Three Electrical Engineering Faculty Elevated to IEEE Fellows
Three electrical engineering faculty--Ioannis (John) Kymissis, Gil Zussman, and Tony Heinz--have been selected as IEEE Fellows, in recognition of their achievements. This is the highest grade of membership in the IEEE: less than 0.1% of voting members are selected annually for this elevation, which is considered both a prestigious honor and an important career achievement.
Ioannis (John) Kymissis, Kenneth Brayer Professor and chair of electrical engineering, was recognized for his contributions to thin-film electronics for displays and sensors. His work focuses on the processing, integration, and application of thin-film electronics. He is active in a number of areas including the use of piezoelectric polymers as pressure sensors, microphones, and energy harvesting elements; the use of printing to create new devices for the classification of chemicals and radiation detection; and the use of piezoelectric thin films co-integrated with high performance electronics to create new devices for radio frequency filtering, vapor sensing, and detection of infrared radiation. Kymissis is also active in the display field, focusing particularly on the development of new backplanes and integration strategies for OLED, QDLED, and microLED displays. His group's work in both of these areas has been licensed by a number of companies for integration into a range of sensor and display systems.

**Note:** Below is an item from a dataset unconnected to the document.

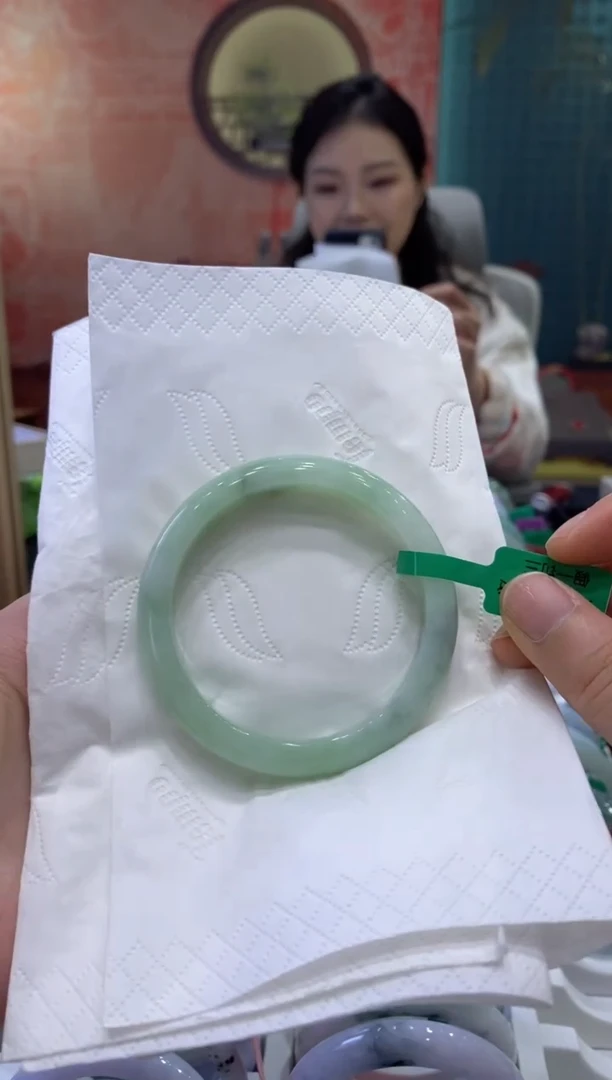 【闪购商品】翡翠手镯未镶嵌多人10793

Gil Zussman, professor of electrical engineering and computer science (affiliated) and vice chair of electrical engineering, was recognized for his contributions to the design of wireless network systems. His research focuses on wireless, mobile, and resilient networks. His group has made theoretical contributions in the areas of distributed throughput optimization,cross-layer network optimization, and optical network and power grid resilience to cyber-physical attacks. Moreover, he developed and experimentally demonstrated algorithms and systems that deal with the unique characteristics of the communications hardware, the physical environment, and the higher layer applications (video streaming, VR, etc.). These include energy harvesting networks for the Internet of Things, full-duplex wireless networks, and wireless multicast for video streaming. Together with his collaborators, Zussman is building unique prototypes and testbeds, thereby allowing new insights into network performance. In particular, he is the Columbia principal investigator of the NSF Platforms for Advanced Wireless Research (PAWR) COSMOS testbed that is being deployed in West Harlem to support experimentation with beyond-5G wireless, optical, and edge-cloud networks.
Tony Heinz, David M. Rickey Professor Emeritus, was recognized for his contributions to spectroscopic techniques, nanophotonics, and optical nanomaterials. His research has centered on the elucidation of the properties and dynamics of nanoscale materials through the application of a wide range of optical spectroscopies. His research on surfaces, interfaces, and nanoscale materials, such as carbon nanotubes, graphene, and other 2D materials, has been recognized by a number of awards. Chair of electrical engineering at Columbia Engineering from 2003 to 2007, Heinz is currently a professor of applied physics and of photon science at Stanford University and a special research scientist at Columbia.